C’est peut-être le climat, les étendues austères du Minnesota du Nord qui rendent Fargo si étrange. Dans un premier temps, l’acclimatation à un univers neigeux, plat et brumeux donne des frissons. Le temps et les paysages maussades n’auront d’égaux que la bêtise, le désespoir des personnages, tous diablement bien interprétés. Certains sont excessivement bavards, d’autres presque mutiques. Certains sont forts d’autres faibles, mais tous ont deux points communs, le désespoir et la stupidité. Aurez-vous le courage d’en rire? Un slogan sur l’affiche qui interroge le public alors que celui-ci fait face à des personnages s’enfonçant toujours d’avantage.

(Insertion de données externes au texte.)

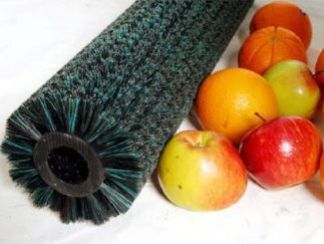 Polished Fruit Cleaning Brush Roller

Rire ici de William H. Macy, Steve Buscemi ou Peter Stormare relève d’un très fort penchant d’humour noir, et l’on adore ça.
Partant du coup monté de deux malfrats et d’un vendeur auto complètement à la ramasse, les choses iront de mal en pis à mesure que le temps passe, alors que les morts s’additionnent. Un film majestueusement interprété, sa force première, alors que les deux frangins ont écrits des dialogues d’une rare intensité, même si le film n’est pas excessivement bavard. Captivé par le décrépitude de la situation, j’ai été littéralement, dès le premier visionnage, subjugué par l’impression de désarroi que laisse filtrer le personnage de Jerry, formidable William H. Macy, par la bêtise tragi-comique du petit malfrat qu’incarne Steve Buscemi. Frances McDormand tient elle aussi la dragée haute à un casting masculin qu’elle renverse en prenant la place du policier, Shérif enceinte d’une bourgade neigeuse.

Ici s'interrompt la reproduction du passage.